Au lendemain de frappes russes massives sur Kiev, de nombreux habitants de la capitale de l'Ukraine se retrouvent samedi privés de chauffage dans un froid glacial, en attendant une nouvelle réunion des Nations unies lundi.

Les bombardements ont fait au moins quatre morts et privé de chauffage la moitié des immeubles résidentiels de la ville, poussant son maire, Vitaly Klitschko, à appeler vendredi la population à évacuer "temporairement".

Le Conseil de sécurité de l'ONU se réunira lundi à la demande de l'Ukraine à la suite de ces frappes et du recours par Moscou à son missile balistique de dernière génération Orechnik.

"La Russie a atteint un nouveau niveau effroyable de crimes de guerre et de crimes contre l'humanité dans ses attaques contre les civils et infrastructures civiles en Ukraine", dénonce l'ambassadeur d'Ukraine à l'ONU Andriï Melnyk dans sa lettre demandant la réunion, vue par l'AFP, dans laquelle il affirme que l'utilisation du missile constitue une "menace grave et sans précédent pour la sécurité du continent européen".

L'Union européenne, Paris, Berlin et Londres ont dénoncé une "escalade" de la part de Moscou dans l'utilisation de ce missile de portée intermédiaire (IRBM) capable d'emporter des ogives nucléaires.

La Russie a continué de pilonner l'Ukraine après avoir la veille le plan européen de déploiement d'une force multinationale dans le pays après une éventuelle fin du conflit.

Le Royaume-Uni a de son côté annoncé vendredi mobiliser des fonds d'environ 230 millions d'euros pour préparer son armée à un tel déploiement en cas de cessez-le-feu avec la Russie.

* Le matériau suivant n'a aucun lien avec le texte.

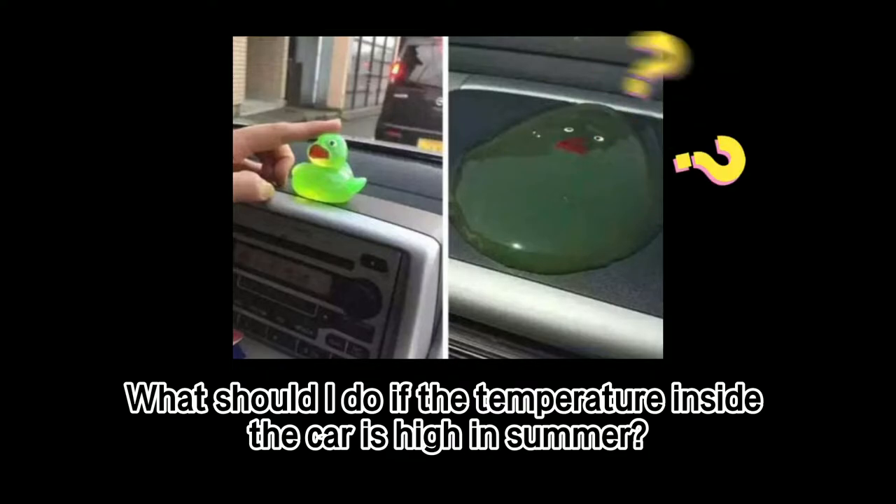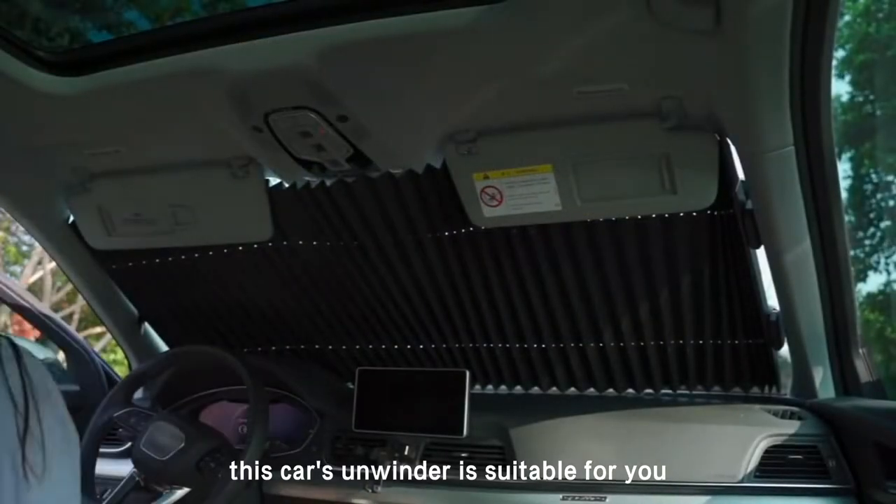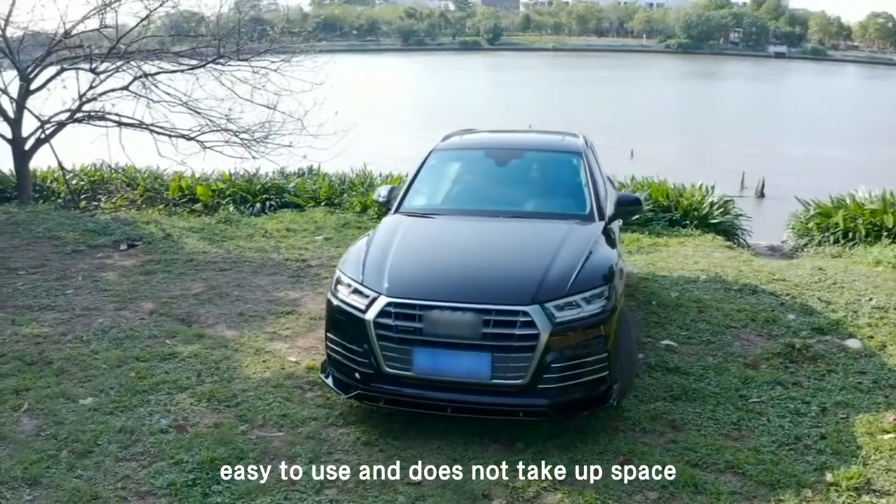What should I do if the temperature inside the car is high in summer? This car's envisor is suitable for you, easy to use, and does not take up space.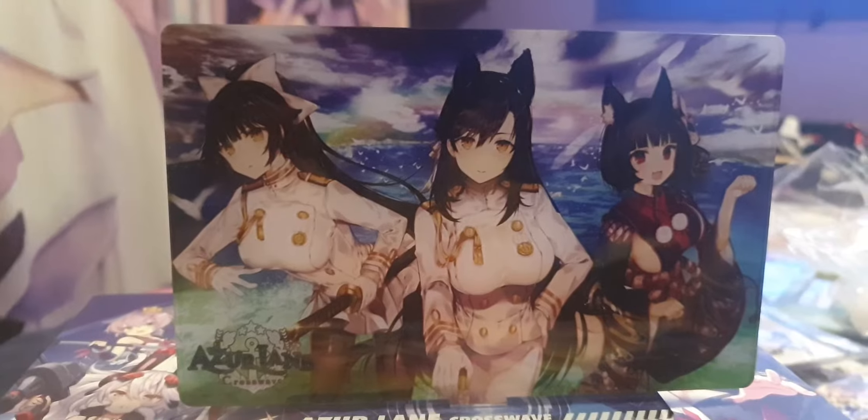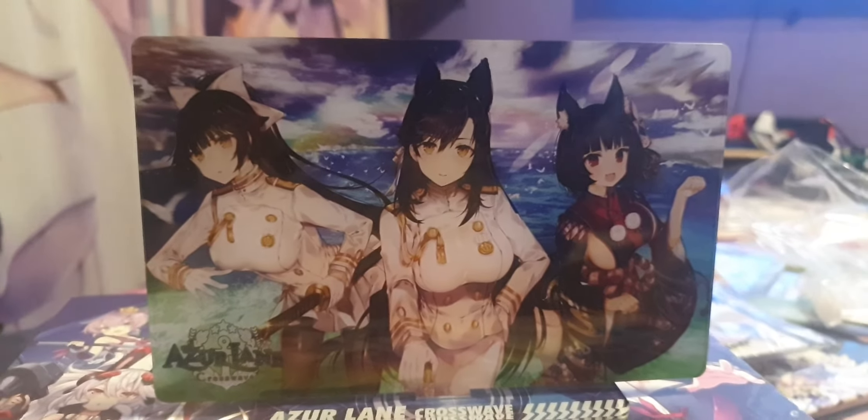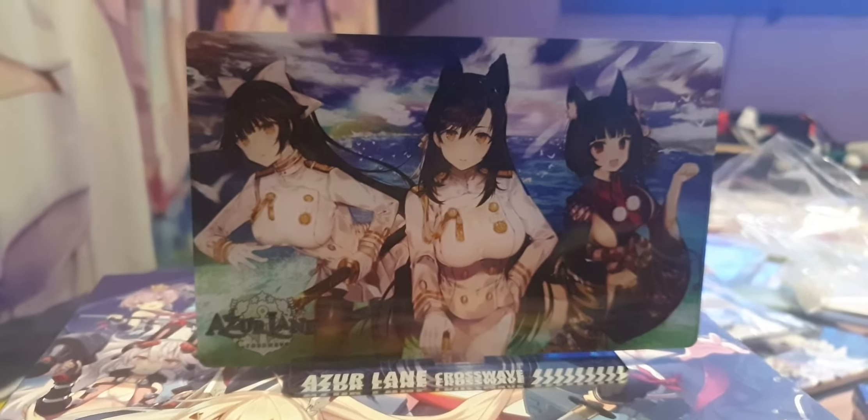So yeah, that's Azur Lane CrossWave, the optical stand. So like, comment and subscribe. I'll see you again for more video games and anime merchandise unboxings, and Fortnite videos, etc. See ya!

Le président ukrainien Volodymyr Zelensky a réclamé une "réaction claire" de la communauté internationale après cette attaque en pleine vague de froid, qui a touché une quarantaine de sites dans la capitale.

Le parquet ukrainien a fait état de 4 morts et de 26 blessés.

"La moitié des immeubles d'habitation à Kiev - près de 6000 - sont actuellement privés de chauffage", s'est alarmé M. Klitschko, qui a exhorté ceux qui le peuvent à quitter "temporairement" la ville.

Les journalistes de l'AFP n'ont pas constaté d'affluence massive dans les gares routières et ferroviaires.

Des équipes étaient à l'oeuvre vendredi par des températures oscillant entre -7°C et -12°C pour rétablir au plus vite le chauffage dans la capitale, coupé pour 417'000 foyers, selon l'opérateur électrique privé DTEK.

Le secrétaire général de l'ONU Antonio Guterres a condamné ces frappes. "Les attaques contre des civils et des infrastructures civiles violent le droit international humanitaire. Peu importe où elles se produisent, elles sont inacceptables et doivent cesser immédiatement", a-t-il déclaré selon son porte-parole.

"Où est l'Amérique ?"

Nina, 70 ans, qui vit dans l'un des bâtiments touchés, s'est dite en colère que le monde parle d'un possible accord pour mettre fin au conflit quand la Russie bombarde. "Où est l'Europe, où est l'Amérique?", a-t-elle lancé, interrogée par l'AFP.

Moscou a dit avoir frappé des "cibles stratégiques" en Ukraine, notamment avec son missile balistique Orechnik, dont les ogives peuvent atteindre une vitesse d'environ 13'000 km/h.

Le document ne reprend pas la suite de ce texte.